Morelia, Michoacán
A la ciudadanía ya se le olvidaron los estragos que causaron las primeras dos olas de covid, mientras se propone el regreso a clases en agosto, “es preocupante” leer los protocolos para el posible retorno; pues no hay condiciones: las escuelas públicas no tienen infraestructura necesaria, no hay presupuesto para arreglar las instalaciones y no hay capacitación para docentes, trabajadores y alumnos para evitar contagios, expresó Raymundo Puebla Calderón, encargado de Educación Continua del Colegio de Médicos de Michoacán.
En conferencia de prensa, el galeno michoacano recalcó que mientras la tercera ola de contagios de covid siga activa, no habrá condiciones para el retorno a clases.

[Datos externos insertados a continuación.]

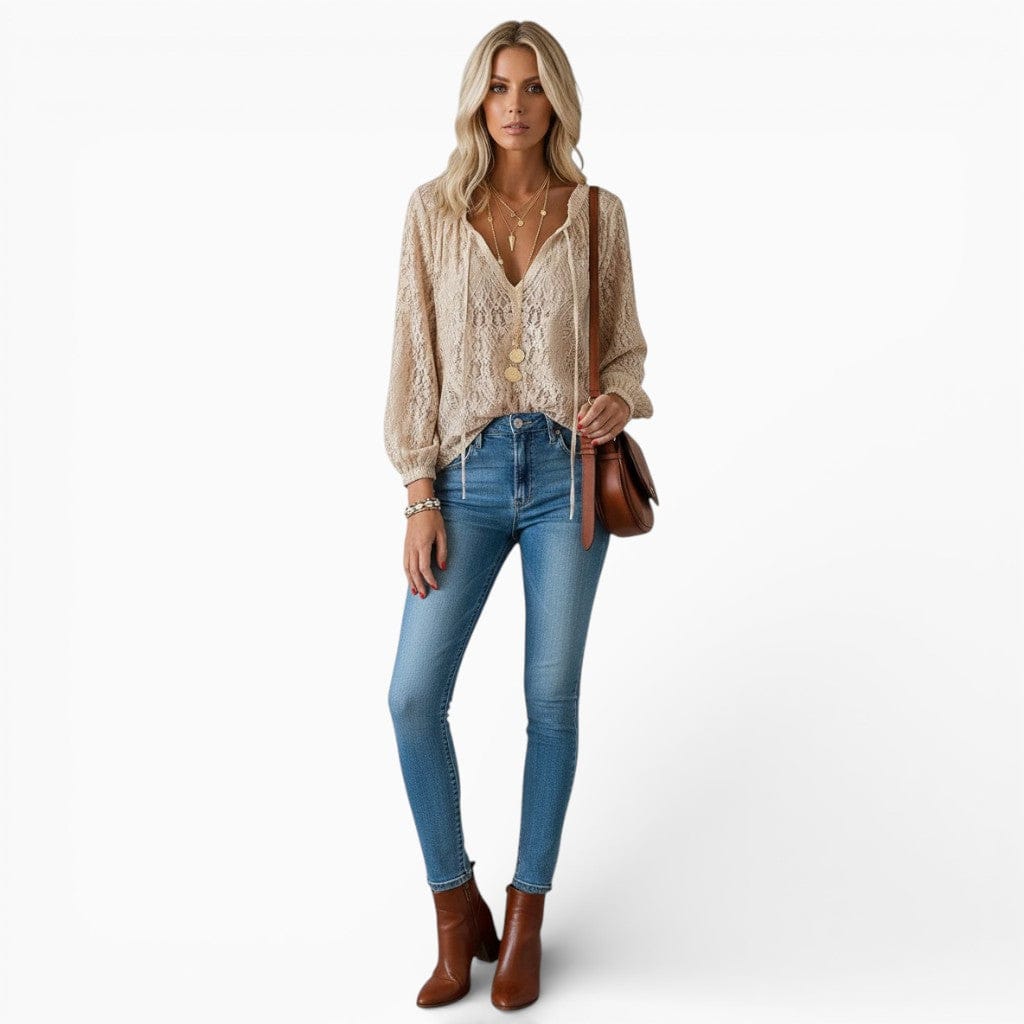 Hemsbury Blouses Khaki / S LARA V-Neck Lace Top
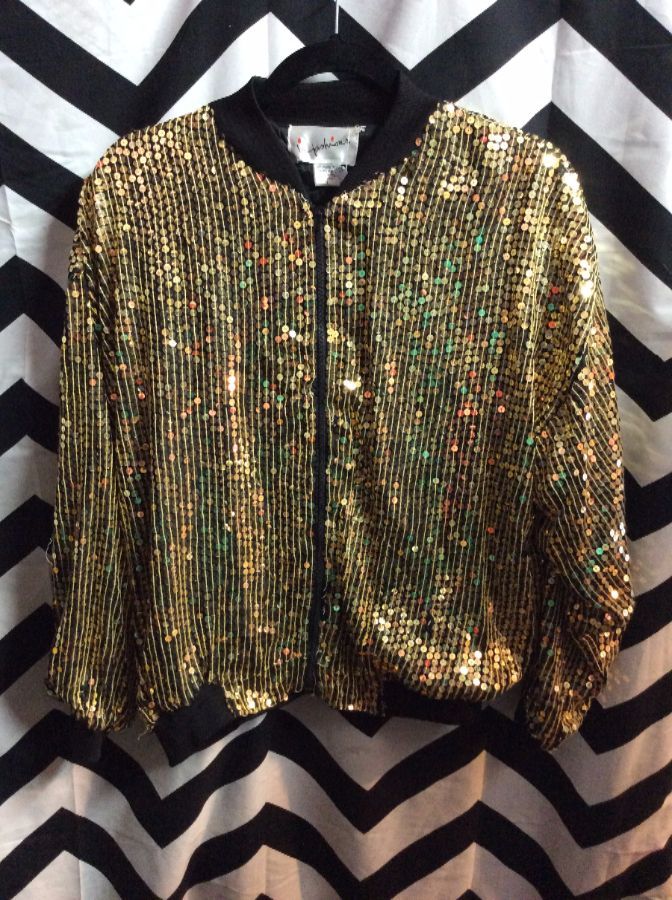 Gold FULLY Sequined 100% Silk Bomber Jacket 1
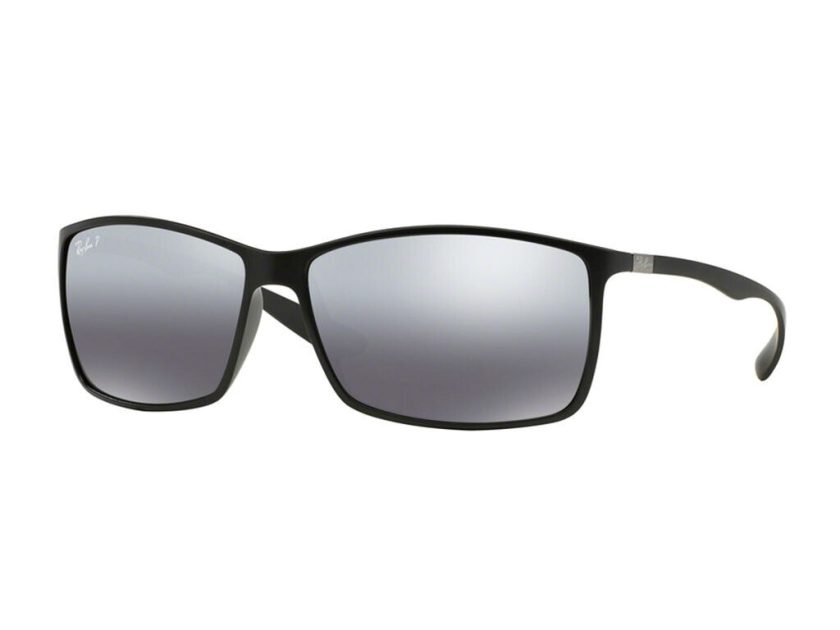 Ray-Ban Polarized Rectangular Sunglasses, Matte Black/Polar Grey Mirror Silver Gradient, 62 mm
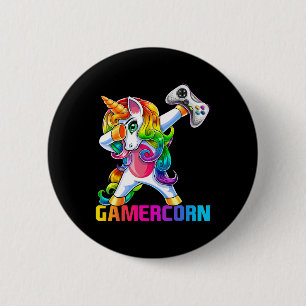 Dabbing Unicorn Video Game Controller Gamer Girl 2 Inch Round Button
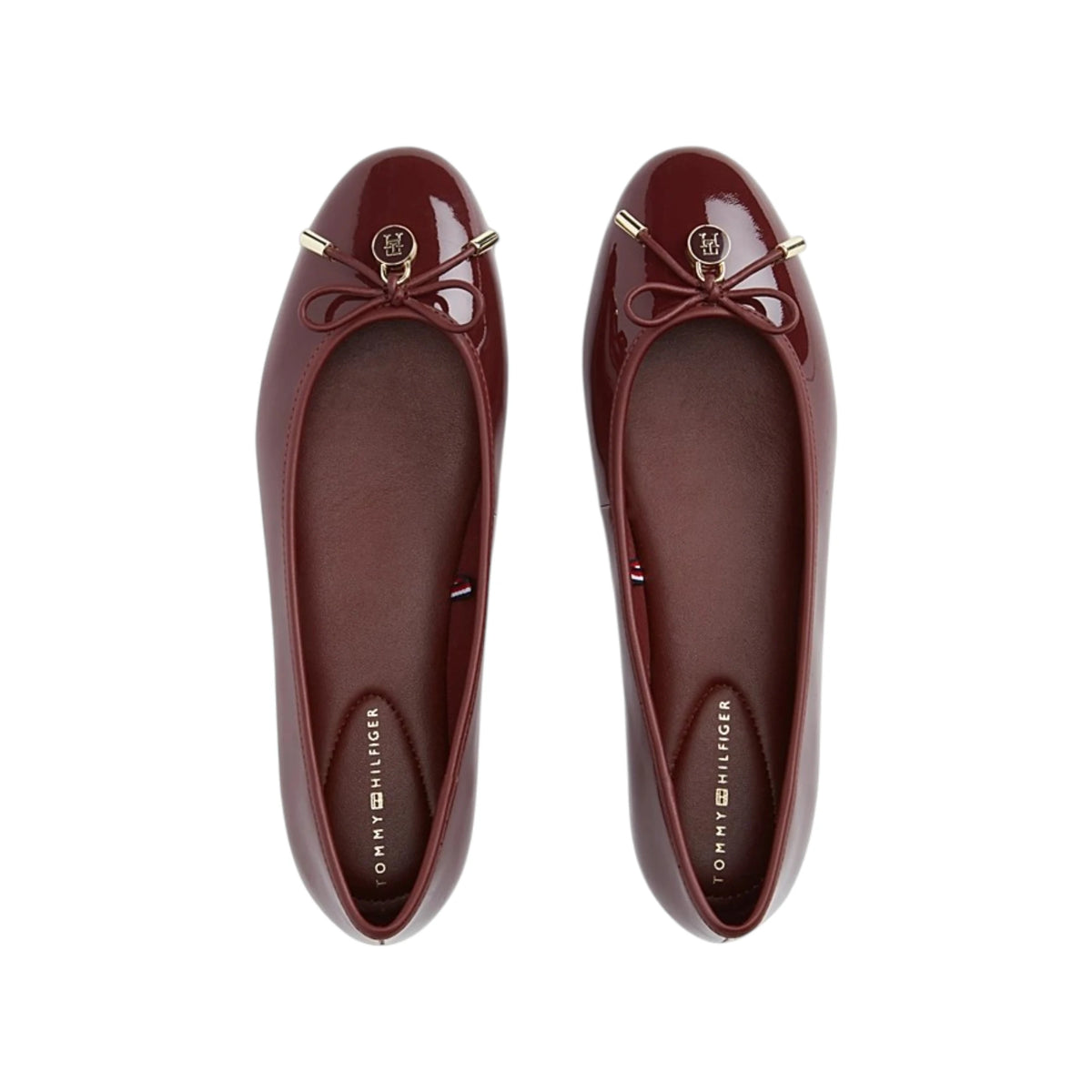 Tommy Hilfiger Ballerine in pelle verniciata con charm FW0FW09481XUT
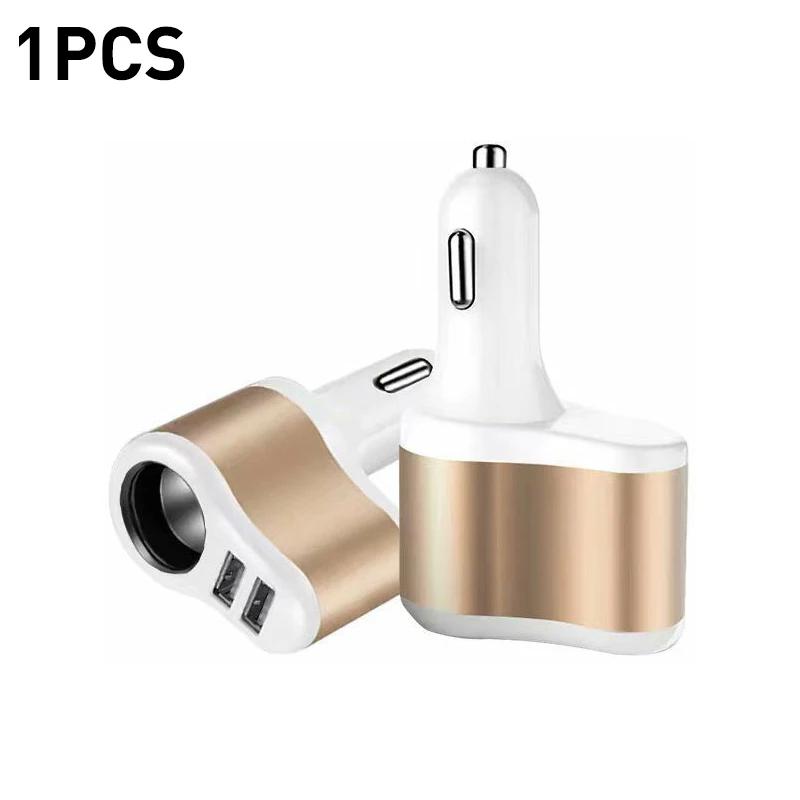 

12 В-24 В автомобильный двойной USB-адаптер для зарядки, разветвитель прикуривателя, разъем 1A+2.1A для iPhone, Samsung, для BMW, Peugeot, Passat, VW золотой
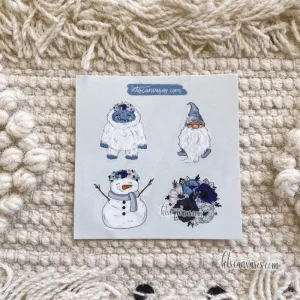 Frosty Florals Set of 4 Mini Stickers (1 sheet)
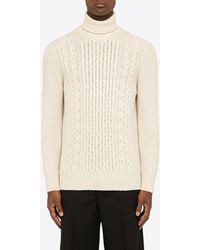 Drumohr - Cable-Knit Turtleneck Wool Sweater - Lyst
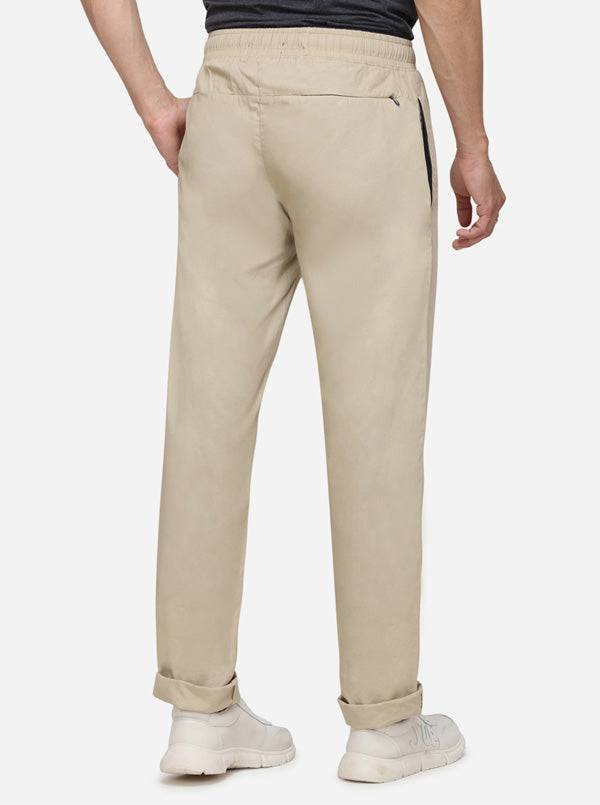 Khaki Solid Slim Fit Paijama | JadeBlue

“Las olas persistirán, serán algo inminente, pero cada vez son más bajas, se cree que la mortalidad es menor, esperemos que siga así. No creo que en plena tercera ola sea necesario regresar a clases, el presidente dijo que sería opcional, pero la mayoría de los padres de familia han dicho que no regresarían”.

Puebla Calderón indicó que por lo menos hasta diciembre, las clases deberían seguir en línea, ya que como médico ha recorrido tenencias, rancherías y pueblos de Michoacán y se ha percatado de que las condiciones sanitarias en la escuelas son paupérrimas.
“Se requieren cristales, pisos, baños, una serie de infraestructura que deben estar al 100% y no lo están. Lo preocupante es que en el presupuesto federal del gobierno no está etiquetado el recurso para arreglar ese tipo de instalaciones; tampoco hay capacitación para padres de familia, maestros y niños”.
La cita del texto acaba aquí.